Viscoelastic properties of soft gels: comparison of magnetic resonance elastography and dynamic shear testing in the shear wave regime

Magnetic resonance elastography (MRE) is used to quantify the viscoelastic shear modulus, G*, of human and animal tissues. Previously, values of G* determined by MRE have been compared to values from mechanical tests performed at lower frequencies. In this study, a novel dynamic shear test (DST) was used to measure G* of a tissue-mimicking material at higher frequencies for direct comparison to MRE. A closed-form solution, including inertial effects, was used to extract G* values from DST data obtained between 20 and 200 Hz.
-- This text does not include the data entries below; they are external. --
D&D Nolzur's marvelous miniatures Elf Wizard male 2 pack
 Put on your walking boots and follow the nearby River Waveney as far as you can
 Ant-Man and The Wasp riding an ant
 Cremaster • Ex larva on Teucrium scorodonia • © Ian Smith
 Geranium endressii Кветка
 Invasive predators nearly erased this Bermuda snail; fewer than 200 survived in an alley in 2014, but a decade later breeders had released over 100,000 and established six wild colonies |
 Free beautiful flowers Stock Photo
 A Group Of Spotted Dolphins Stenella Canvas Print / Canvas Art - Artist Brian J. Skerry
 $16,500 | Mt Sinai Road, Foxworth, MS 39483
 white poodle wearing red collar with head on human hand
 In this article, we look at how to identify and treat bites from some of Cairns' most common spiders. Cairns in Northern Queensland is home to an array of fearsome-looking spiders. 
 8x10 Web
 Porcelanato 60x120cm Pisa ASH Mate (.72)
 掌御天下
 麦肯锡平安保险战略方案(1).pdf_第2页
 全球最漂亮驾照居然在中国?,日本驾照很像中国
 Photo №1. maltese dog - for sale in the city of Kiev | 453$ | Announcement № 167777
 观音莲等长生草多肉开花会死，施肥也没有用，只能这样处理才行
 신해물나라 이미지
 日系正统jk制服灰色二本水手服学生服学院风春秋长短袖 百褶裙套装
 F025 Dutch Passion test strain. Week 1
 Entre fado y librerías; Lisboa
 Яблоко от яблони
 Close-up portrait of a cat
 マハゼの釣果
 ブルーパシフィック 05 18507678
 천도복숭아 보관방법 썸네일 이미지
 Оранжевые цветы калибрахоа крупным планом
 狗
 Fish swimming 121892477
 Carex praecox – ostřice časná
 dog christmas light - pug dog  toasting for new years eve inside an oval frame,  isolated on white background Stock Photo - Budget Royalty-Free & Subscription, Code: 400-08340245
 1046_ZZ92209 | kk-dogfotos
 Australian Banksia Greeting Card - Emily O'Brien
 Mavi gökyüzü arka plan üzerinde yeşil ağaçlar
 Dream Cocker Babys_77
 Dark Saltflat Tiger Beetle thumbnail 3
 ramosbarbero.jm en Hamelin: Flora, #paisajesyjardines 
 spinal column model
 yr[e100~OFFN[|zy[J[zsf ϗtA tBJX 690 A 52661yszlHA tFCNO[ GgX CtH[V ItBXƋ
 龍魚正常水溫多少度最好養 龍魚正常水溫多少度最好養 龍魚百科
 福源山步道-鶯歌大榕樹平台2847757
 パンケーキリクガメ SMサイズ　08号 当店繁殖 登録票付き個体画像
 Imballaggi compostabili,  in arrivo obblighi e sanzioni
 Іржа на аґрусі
MRE was performed using cylindrical ‘phantoms’ of the same material in an overlapping frequency range of 100–400 Hz. Axial vibrations of a central rod caused radially propagating shear waves in the phantom. Displacement fields were fit to a viscoelastic form of Navier's equation using a total least-squares approach to obtain local estimates of G*. DST estimates of the storage G′ (Re[G*]) and loss modulus G″ (Im[G*]) for the tissue-mimicking material increased with frequency from 0.86 to 0.97 kPa (20–200 Hz, n = 16), while MRE estimates of G′ increased from 1.06 to 1.15 kPa (100–400 Hz, n = 6). The loss factor (Im[G*]/Re[G*]) also increased with frequency for both test methods: 0.06–0.14 (20–200 Hz, DST) and 0.11–0.23 (100–400 Hz, MRE). Close agreement between MRE and DST results at overlapping frequencies indicates that G* can be locally estimated with MRE over a wide frequency range. Low signal-to-noise ratio, long shear wavelengths and boundary effects were found to increase residual fitting error, reinforcing the use of an error metric to assess confidence in local parameter estimates obtained by MRE.